» Short web captions:
-*-*-

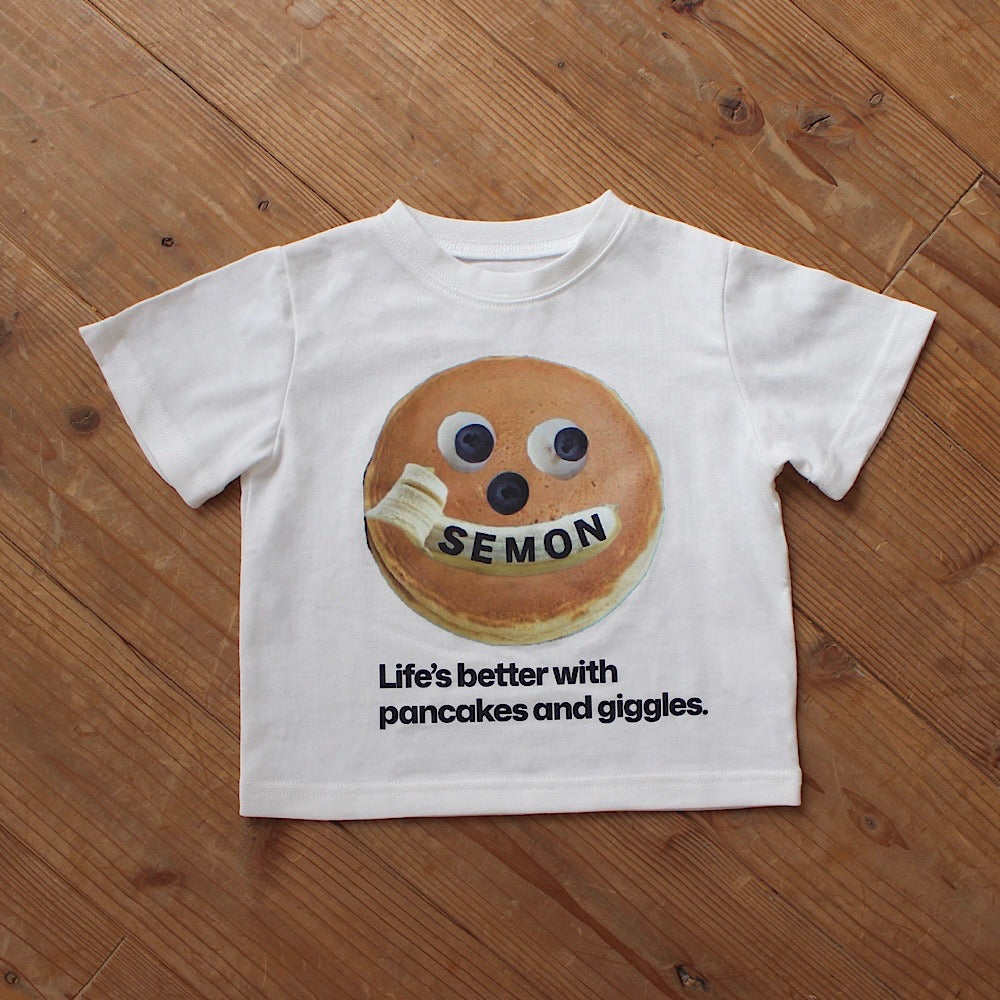 も*ち様 semon パンケーキデザインTシャツ2枚セット PANCAKE PRINT T SHIRT – Frö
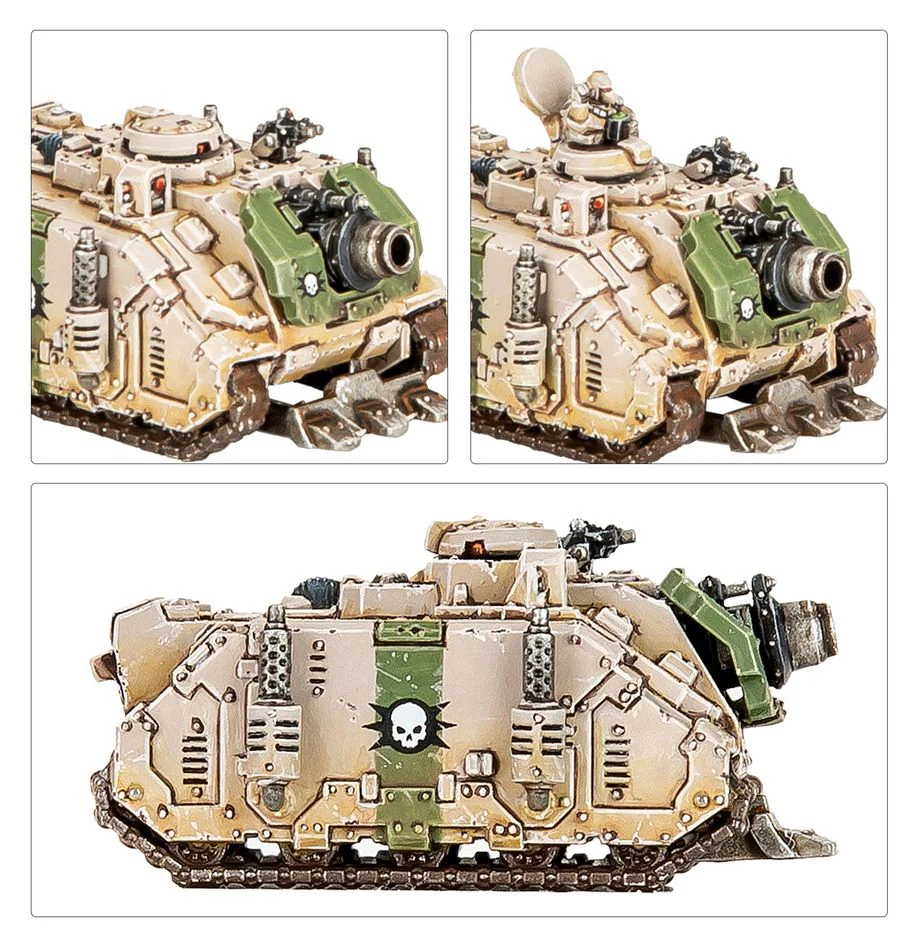Warhammer The Horus Heresy: Legions Imperialis: Vindicator Siege Tank Squadron - Image 3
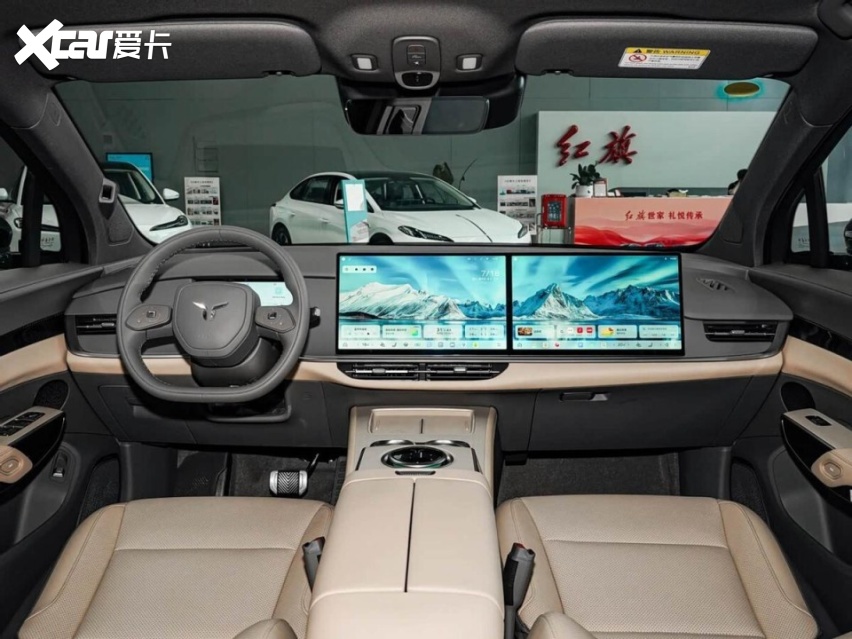 降价6万？红旗天工08放下豪华身段，能成20万纯电SUV的黑马吗？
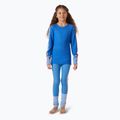 Súprava detskej termobielizne Helly Hansen JR Lifa Merino Midweight ultra blue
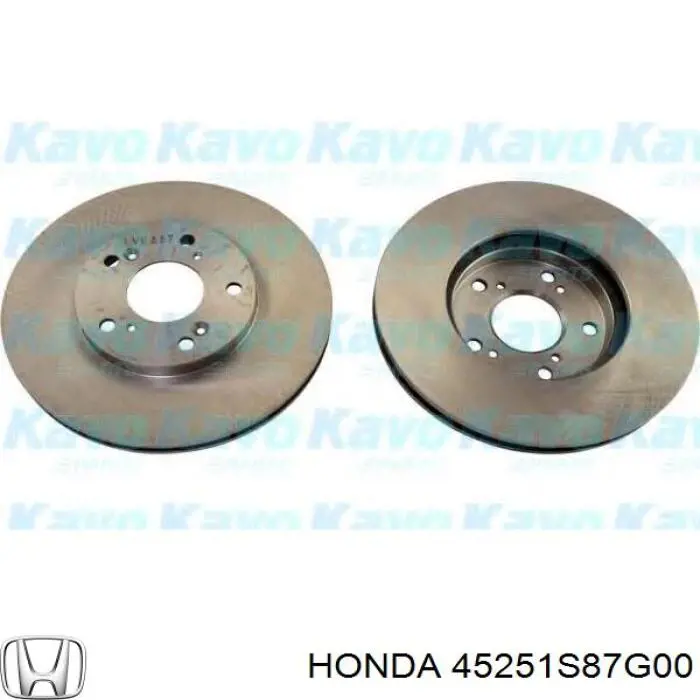 Купити 45251S87G00 Honda Ротор гальмівний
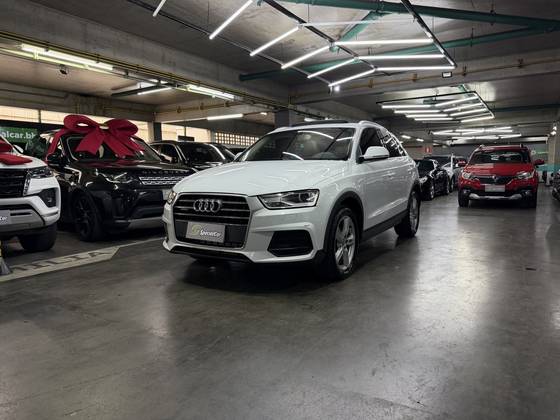 AUDI Q3 2.0 TFSI AMBIENTE QUATTRO 4P GASOLINA S TRONIC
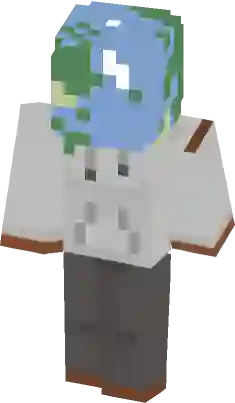 Planet Earth  Minecraft Skin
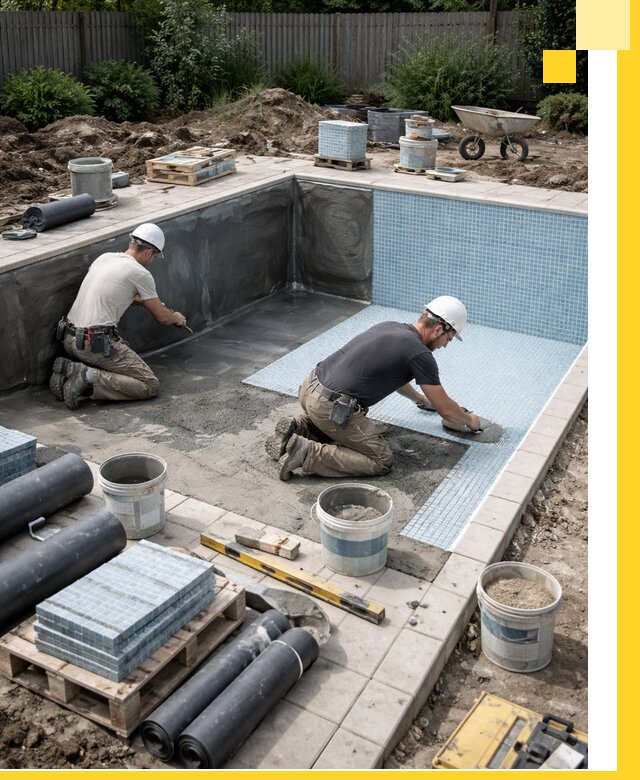 Проектирование и строительство стационарных бассейнов в Изобильном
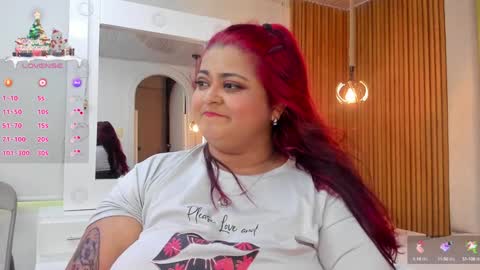 Snapshot of curvy_beauty_ chatting on December 15, 2024, 2:27 pm Hanna online show from December 15, 2024, 2:27 pm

-*-*-

» Brief: In the copy, keep every line of the data above exactly and drop each picture.

» Result of the exercise:
 も*ち様 semon パンケーキデザインTシャツ2枚セット PANCAKE PRINT T SHIRT – Frö
Warhammer The Horus Heresy: Legions Imperialis: Vindicator Siege Tank Squadron - Image 3
 降价6万？红旗天工08放下豪华身段，能成20万纯电SUV的黑马吗？
 Súprava detskej termobielizne Helly Hansen JR Lifa Merino Midweight ultra blue
 Купити 45251S87G00 Honda Ротор гальмівний
 AUDI Q3 2.0 TFSI AMBIENTE QUATTRO 4P GASOLINA S TRONIC
 Planet Earth  Minecraft Skin
 Проектирование и строительство стационарных бассейнов в Изобильном
 Snapshot of curvy_beauty_ chatting on December 15, 2024, 2:27 pm Hanna online show from December 15, 2024, 2:27 pm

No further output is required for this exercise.